Honestly, I wouldn't even consider distributing something that was only a single module in size unless it were on the scale of std.datetime, which we've
generally agreed is too large for a single module.
So, a single module
wouldn't have enough functionality to be worth distributing.

This reasoning style is similar to the Groucho Marx quote:
"I don't care to belong to any club that will have me as a member"

In the Python world online you can find thousands of single-module projects (few of them are mine). I have plenty of single D modules that encapsulate a single functionality. In Haskell cabal you can find many single modules that add functionality (plus larger projects like Diagrams).

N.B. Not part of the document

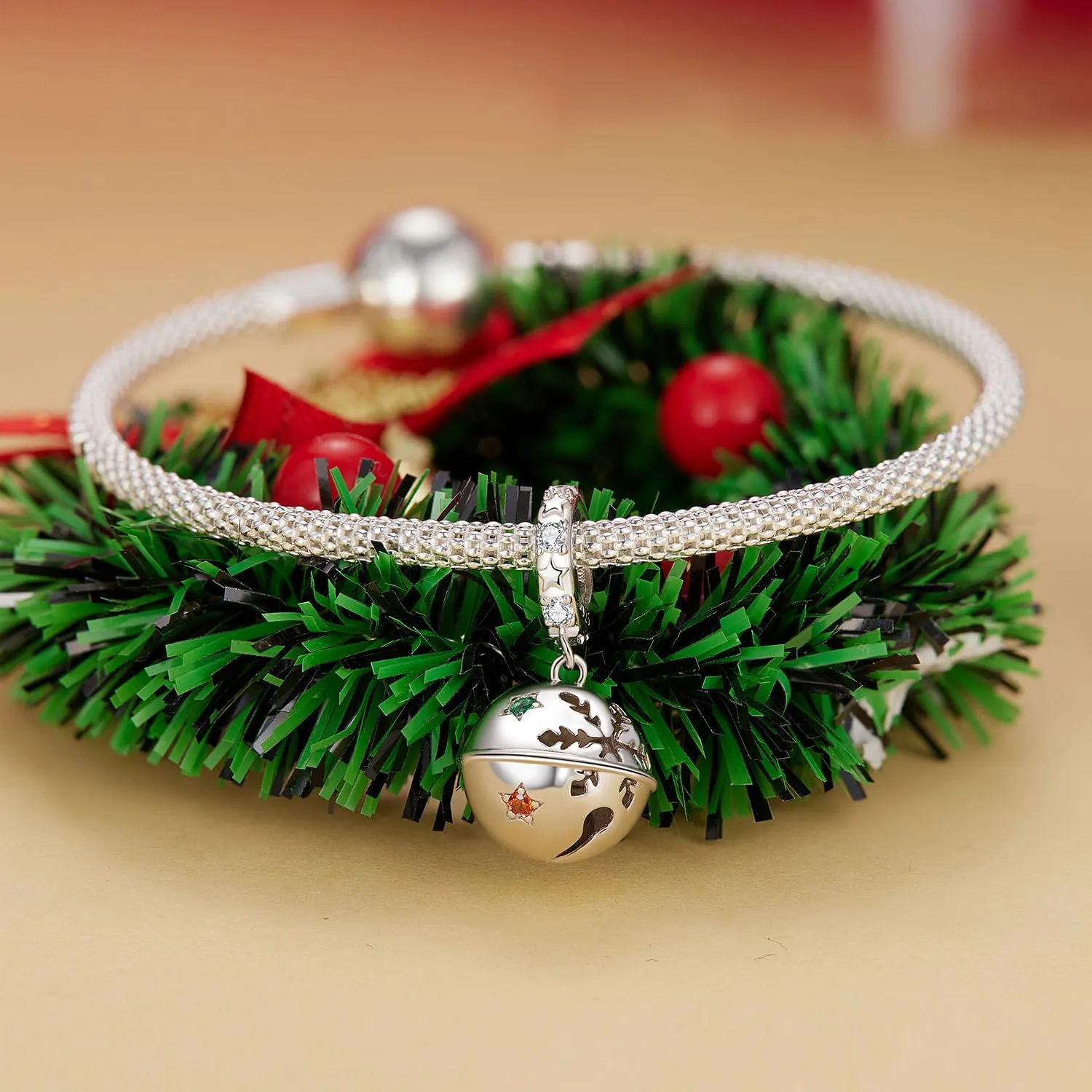 NINGAN Charm Natale in Argento 925 con Zirconia Cubica - Babbo Natale, Fiocchi di Neve e Albero di Natale - immagine 2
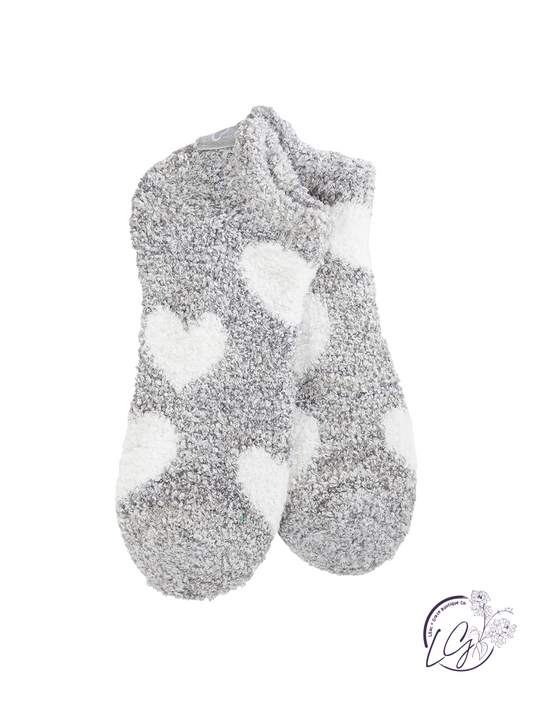 Heart Silver Print Cozy Low Socks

And I think D has to strongly encourage the creation of such ecosystem of modules that you download and use in your programs. You can't have everything in the standard library, it's not wise to re-write them (like 2D vectors, I have already seen them implemented ten different times in the D world), and there are plenty of useful things that can be contained in single modules, especially if such modules can import the functionality of one or more other modules.


And even if I were to distribute such a module, I'd let its
documentation speak for itself
and otherwise just expect the programmer to read the code.

A demo and the documentation are both useful. And the documentation can't replace stand-alone functionality.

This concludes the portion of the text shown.